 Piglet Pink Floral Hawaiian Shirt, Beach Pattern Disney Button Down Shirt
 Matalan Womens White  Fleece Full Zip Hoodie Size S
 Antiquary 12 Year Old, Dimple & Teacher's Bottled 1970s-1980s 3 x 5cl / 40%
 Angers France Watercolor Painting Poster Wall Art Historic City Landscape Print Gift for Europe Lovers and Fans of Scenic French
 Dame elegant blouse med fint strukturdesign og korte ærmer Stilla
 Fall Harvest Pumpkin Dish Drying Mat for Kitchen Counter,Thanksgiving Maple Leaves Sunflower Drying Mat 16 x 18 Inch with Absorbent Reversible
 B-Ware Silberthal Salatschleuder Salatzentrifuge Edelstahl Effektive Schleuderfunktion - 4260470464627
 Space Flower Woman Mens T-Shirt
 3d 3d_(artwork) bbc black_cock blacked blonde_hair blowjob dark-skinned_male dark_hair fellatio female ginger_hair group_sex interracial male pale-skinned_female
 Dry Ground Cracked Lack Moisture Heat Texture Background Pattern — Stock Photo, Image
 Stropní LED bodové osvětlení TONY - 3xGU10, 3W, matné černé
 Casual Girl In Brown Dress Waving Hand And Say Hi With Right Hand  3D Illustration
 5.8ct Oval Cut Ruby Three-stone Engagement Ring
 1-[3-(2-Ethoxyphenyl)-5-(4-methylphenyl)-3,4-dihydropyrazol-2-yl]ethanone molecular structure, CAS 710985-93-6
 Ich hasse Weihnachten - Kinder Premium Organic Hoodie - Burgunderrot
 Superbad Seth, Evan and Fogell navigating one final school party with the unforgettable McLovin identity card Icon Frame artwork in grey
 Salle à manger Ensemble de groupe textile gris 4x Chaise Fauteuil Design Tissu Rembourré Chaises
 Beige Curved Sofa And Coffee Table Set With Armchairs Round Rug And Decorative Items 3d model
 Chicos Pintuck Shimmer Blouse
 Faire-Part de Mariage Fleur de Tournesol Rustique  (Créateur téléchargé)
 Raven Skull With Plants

+===+

* _Required action_: Restate word for word only the lines above from the line containing "Angers France Watercolor" to the line containing "Dame elegant blouse", both of them included.

* _Output of the task_:
 Angers France Watercolor Painting Poster Wall Art Historic City Landscape Print Gift for Europe Lovers and Fans of Scenic French
 Dame elegant blouse med fint strukturdesign og korte ærmer Stilla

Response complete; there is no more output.